The most frightening thing about Isco, though, is that in addition to the above mentioned qualities, he has the ability to beat not just one but many men. He has the ability to skip past challenges at pace, embark on incredible solo runs and at the end, pick out a teammate with a delightful through ball or curl the ball into the top corner. In this sense, he has frequently been compared to Iniesta, the playmaker who has perhaps had the biggest impact of them all, for club and country.

Isco, who idolizes the Brazilian master Ronaldinho, is a player who likes to receive the ball into feet rather than running onto it. Shown the slightest slivers of space, he runs at defenders with pace and has the skill and trickery to make the best look ordinary. He is prone to the occasional bout of showboating and the flicks and tricks that come with it, but the degree to which they are successful shows that he has great awareness of his and other’s positions on the field.

Season Review

While 12 goals in 42 games is not a very impressive statistic, it masks Isco’s impact. He has proven this season to have a love of the big stage, an ability to outclass the best in the country and in Europe. He opened the scoring in the 3-2 victory over Real Madrid.
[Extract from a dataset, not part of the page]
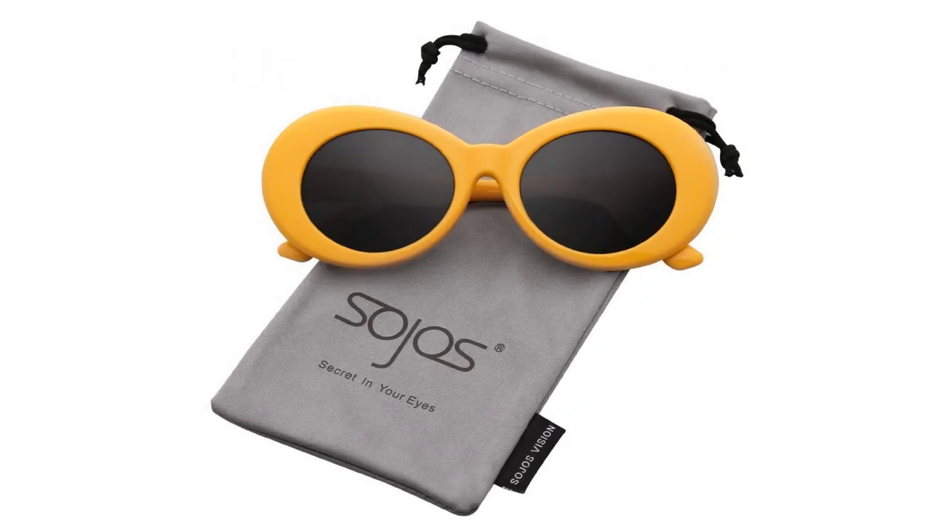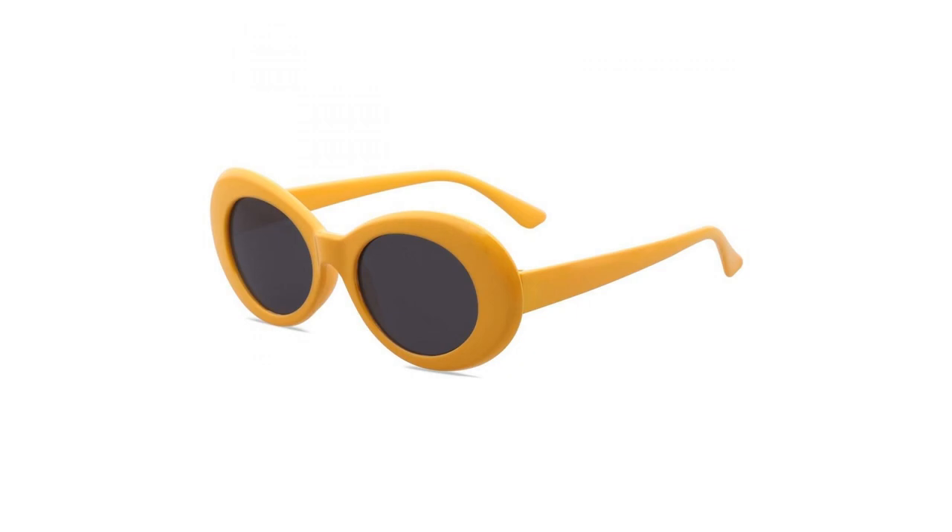Soho's Vision Sunglasses is the perfect choice for outdoor activities such as driving, shopping, and traveling. It is also suitable as a high fashion accessory and daily wear all year round.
Interestingly, that match could be considered to be the death rattle for Jose Mourinho’s Madrid stint, as it was the first game in which he dropped club captain and icon Iker Casillas to the bench.

His affinity towards the big stage is exemplified in his Champions League performances. Overall in the 2012-13 season, he averages 2.2 dribbles a game, but in the Champions League this figure goes up to 3.3. In 10 Champions League games he has three goals and six assists to his name and a further three goals in four appearances in U-21 European Championships held this summer.

He was one of the star performers in the victorious Spanish U21 team, having an astounding 4.8 successful dribbles and 3.8 key passes a game. Coupled with a 90% pass accuracy, this made him a feared proposition for any team and was more than enough to gain him entry into the Team of the Tournament.

These statistics only serve to build his reputation as a man for the major tournaments – a pre-requisite for sporting success and a quality that separates the good from the great.

It is fitting that as the financial expansion at Malaga hit the rocks, and some of their bigger names left in search of greener pastures, it was a young Spanish boy who propelled the Los Boquerones to the next level and in doing so shone as one of the leading lights in Europe.